All I could do was kiss her head and whisper, "me too baby, me too."

And pray like crazy that God was holding all three of our hearts.

15 comments:

La Dolce Vita: The Sweet Life said...

Sigh. So touching. Thanks for sharing. Just returned from China one week ago.

Unknown said...

What a deeply significant moment for you both. May these conversations continue to happen--even though they are painful and hard. I can only imagine that the openness and the fact that you are holding her and crying along with her will help her process things for the rest of her life.

Tara Anderson said...

Oh Shannon! I pray that God will restore and make whole in only the way that HE can...for all our little ones. I can't imagine not knowing "where" I came from other than the very vague "China" or a more specific province name. We don't even know if Caden was born in the city listed as his "birthplace" or if he was brought in from the countryside somewhere. I, too, wish I had more to give him. BIG HUGS to you, my Mommy friend!!!

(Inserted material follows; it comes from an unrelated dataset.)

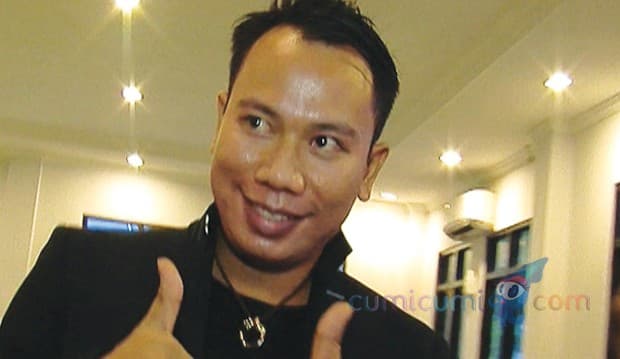 Vicky Prasetyo Belum Tahu Ayu Ting Ting Dipecat dari Pesbukers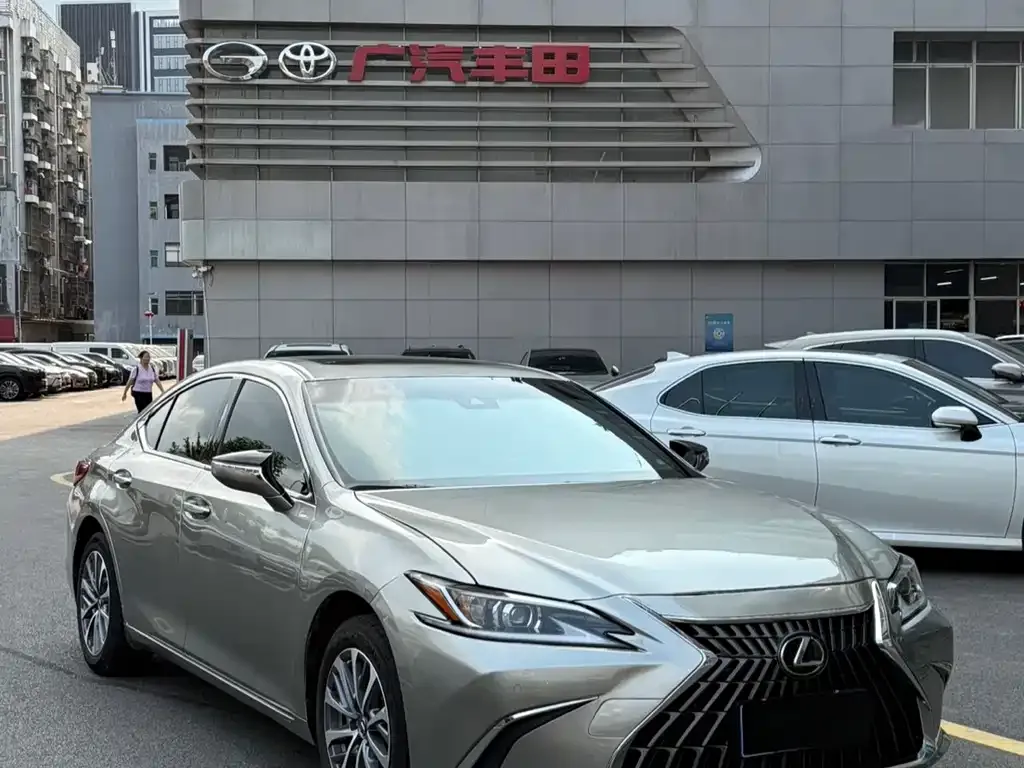 Lexus ES — фото 9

Nancy @ Ordinary Miracles & The Crazy 10 said...

that's powerful stuff! Thank you so much for sharing. I's a blessing to have ideas for conversation starters of these difficult subjects.

Valerie and Jeff said...

ooooohh! That hurts the heart and makes those hot tears come to the edge of my eyes too just hearing about it!! I am so glad you are so brave and you are talking about this with her though! Wow. What a sweetheart and a sweetmom the two of you are!
Hugs! and Strength to you!

Marci said...

Tears.
I feel the same way about Jesus. I just wish I could see his face or hear his voice...

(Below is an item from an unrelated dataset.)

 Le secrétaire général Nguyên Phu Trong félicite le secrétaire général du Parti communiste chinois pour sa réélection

Hugs. You're a good mother.

Jolene Powell said...

Oh man...that has been weighing so heavy on my heart lately with my son Ty. Another conversation that confirms that keeping those open lines of communication are so important. Thank you so much for sharing. I needed to read it.
Jolene

LucisMomma said...

I have conversations similar to this with our 5 yo DD...my DH thinks that I embellish or somehow put ideas in DD's head, because he has never been privy to these conversations. She begins them with me, when we are alone. It wells up from her heart! There is no stopping the grief, the wanting and needing to know.
http://justmythoughtsexactly.wordpress.com/

Jenn said...

I'm already following but thought i'd stop by from Friday Follow and say hi!

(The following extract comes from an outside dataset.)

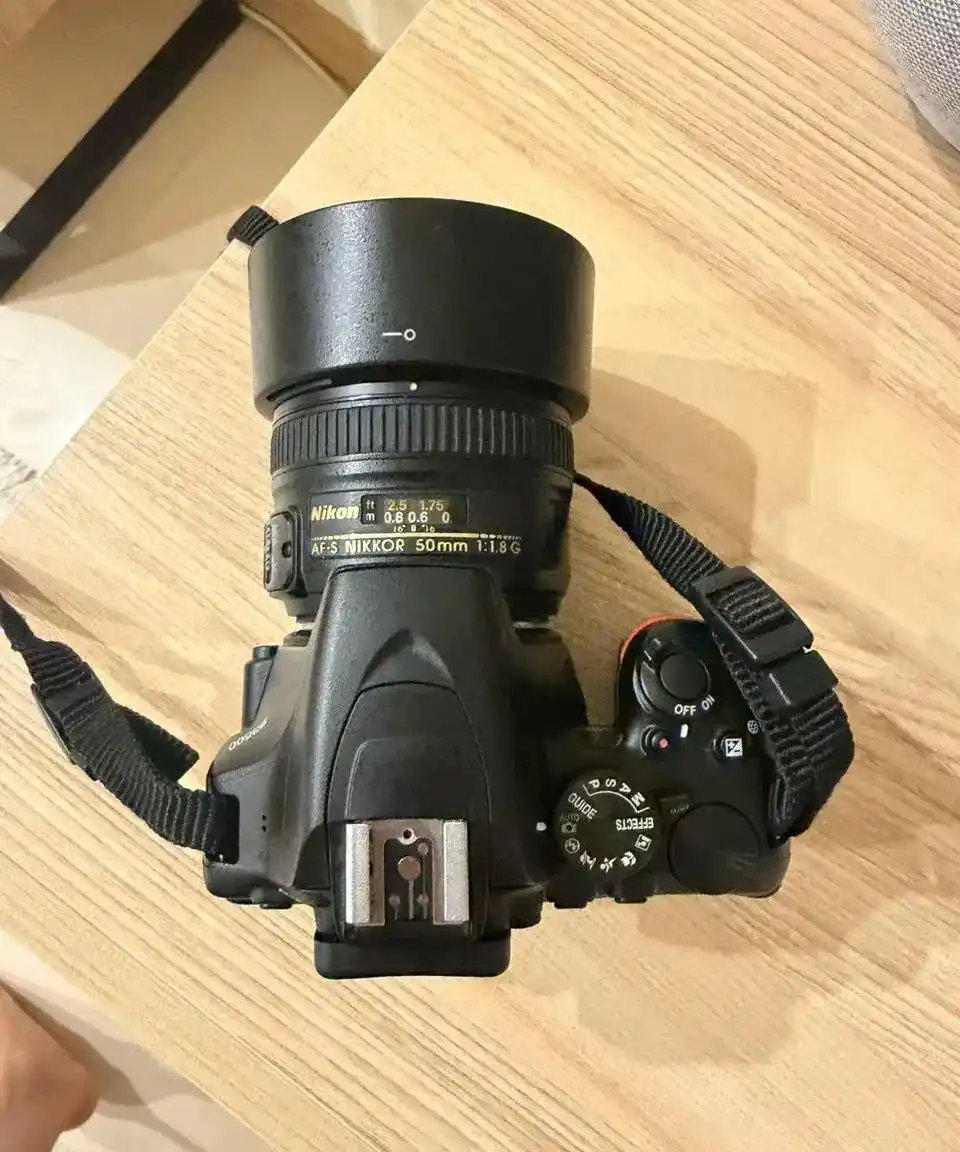 دوربین نیکون d3500 دست دو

Jennifer @ Life with the Lebedas

Ben and Rach said...

That is so sad! I will pray for you guys!

Shari said...

My daughter just turned 6 yesterday and we have had many similar conversations. She is SO frustrated because she can't remember her first parents or her first home. When I explain that she was only days old and she may have never even seen her home it doesn't help. It is so frustrating to not have any answers, but it is good that our girls are talking!

Louanne said...

that is so sad, but I think you did good. we just don't have those answers to give them

Carla Lewter said...

Thank you for sharing all that you and Ravenna talk about. Charlotte is 4 so a little younger but all of these questions are coming one day I know. And it helps me to be prepared for them. Our sweet girls have such a burden to bear, it breaks my heart.

Gretchen said...

Shannon, I know that we will all have to have these conversations. They are not easy at all. We deal with our own hurts and questions where our own child's birth mom is concerned. It is good to know how they are feeling too. It is good to open that dialect, even though it hurts. It is healing at the same time.

Ashley said...

Oh sweet girl. That brings hot tears to my eyes. What a beautiful and painful moment. She is very blessed to have such a loving mother and you are very blessed to have such a gentle spirited daughter.